Staying the Course

A warning that Iran is still capable of building an atom bomb and Russia’s biggest air attack on Ukraine are reminders to Donald Trump that dictators rarely play ball

It wasn’t only Iran’s buried nuclear sites that received a pounding from the Pentagon last week. The White House press corps was firmly in the crosshairs of Pete Hegseth, America’s defence secretary, for daring to report that Tehran’s not-soclandestine atomic weapons programme may not have been damaged to the terminal degree initially suggested by the Trump administration. Rubbishing a leaked preliminary damage assessment suggesting the less than total success of two B-2 bombing raids and a Tomahawk missile strike on three Iranian nuclear installations, Mr Hegseth pulled no punches. The Washington press, he said, was “cheering against” his boss instead of lauding a superbly successful feat of arms. Donald Trump was similarly incensed, claiming the operation was indeed an unqualified triumph.

Now comes a report from the International Atomic Energy Agency, the nuclear inspection arm of the United Nations, that confirms the fears of Israel and every other country with cause to dread a nuclear-armed Iran. According to Rafael Grossi, head of the IAEA, Tehran could restart the enrichment of its uranium stockpile to weapons grade in “a matter of months”. Far from being game over, the work of denying the Iranian regime the ultimate weapon may have just begun.

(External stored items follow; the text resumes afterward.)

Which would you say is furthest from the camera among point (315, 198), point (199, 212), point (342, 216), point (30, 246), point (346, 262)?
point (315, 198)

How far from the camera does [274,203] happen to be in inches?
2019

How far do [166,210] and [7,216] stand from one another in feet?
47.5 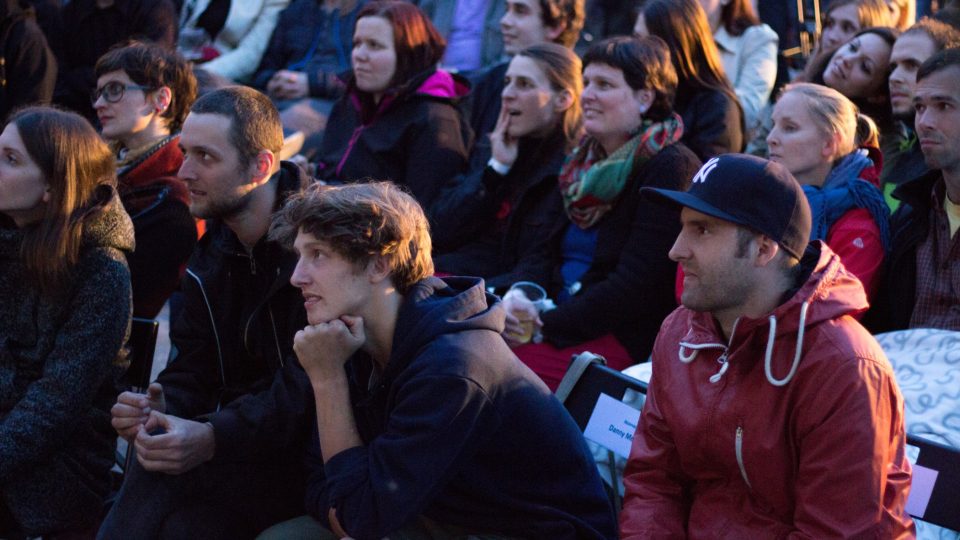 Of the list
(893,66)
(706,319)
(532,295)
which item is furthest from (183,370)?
(893,66)

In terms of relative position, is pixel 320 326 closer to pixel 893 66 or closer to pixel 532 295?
pixel 532 295

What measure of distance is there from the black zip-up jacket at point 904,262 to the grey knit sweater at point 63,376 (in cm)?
254

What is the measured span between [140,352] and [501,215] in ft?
5.65

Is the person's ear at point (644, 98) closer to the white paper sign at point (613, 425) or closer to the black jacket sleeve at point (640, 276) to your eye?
the black jacket sleeve at point (640, 276)

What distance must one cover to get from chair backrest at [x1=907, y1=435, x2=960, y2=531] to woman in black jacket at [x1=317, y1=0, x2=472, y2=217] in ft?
9.50

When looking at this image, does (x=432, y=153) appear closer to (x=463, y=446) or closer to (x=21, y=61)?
(x=21, y=61)

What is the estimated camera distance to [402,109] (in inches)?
221

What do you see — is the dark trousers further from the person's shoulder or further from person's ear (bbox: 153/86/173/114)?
person's ear (bbox: 153/86/173/114)

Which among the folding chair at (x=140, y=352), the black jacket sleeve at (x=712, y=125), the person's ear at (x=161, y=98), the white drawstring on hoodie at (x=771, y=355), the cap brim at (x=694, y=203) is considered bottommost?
the folding chair at (x=140, y=352)

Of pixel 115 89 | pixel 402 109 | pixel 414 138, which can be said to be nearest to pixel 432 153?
pixel 414 138

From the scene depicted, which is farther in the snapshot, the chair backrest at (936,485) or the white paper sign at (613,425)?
the white paper sign at (613,425)

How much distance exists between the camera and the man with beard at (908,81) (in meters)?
4.64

This conclusion will not sit well with President Trump who likes his expeditions into the outside world, especially military ones, to be brief, neat and successful. The B-2 strike, involving stealth bombers flying direct from America’s midwest to dump 30,000lb bunker-busting bombs on subterranean production facilities at Fordow and Natanz, was his kind of operation. An “America first” display of globe-straddling kinetic power delivering a definitive result (roll credits).

Mr Grossi’s assessment that the bombing had caused “severe” but not “total” damage presents Mr Trump with a conundrum. He has suggested that the US air force may revisit Iran if nefarious activity is again detected. But what the B-2 strike illustrates is something that has been shown time and time again in modern warfare: the impossibility of conventional airpower delivering a definitive and permanent result.

The degree to which Iran’s nuclear programme has actually been damaged may come to light in time as American (and Israeli) intelligence sifts through Iranian communications and receives more data from satellites and spies. But the likelihood is that Iran’s intentions and actions will remain the subject of a guessing game. Tehran has already discounted further IAEA inspections of the bombed sites, claiming the organisation has effectively sided with the United States and Israel. However, Mr Grossi appears confident that uranium centrifuge cascades could soon be up and running. It defies logic to believe that the Iranian regime did not take extensive steps to disperse its nuclear estate, including its eminently portable enriched uranium stockpile, as tensions with the US and Israel rose. For Mr Trump this could mean the kind of sticky military commitment he professes to hate. With ground operations on any scale out of the question, years of whack-a-mole US airstrikes on suspected sites could ensue.

To a messy Middle East is added a messy Ukraine. The past few days have witnessed a substantial intensification in Russian missile and drone strikes as Vladimir Putin seeks to batter Volodymyr Zelensky into territorial concessions at the negotiating table. Mr Trump promised peace in Ukraine in his first 24 hours as president. Unfortunately, the dictators in Moscow and Tehran don’t do neat Hollywood endings. The president must now be prepared to counter Russian and Iranian delinquency over the long term. He should stop drawing a false moral equivalence between America’s friends and its enemies. He must back Ukraine and Israel and stay the course.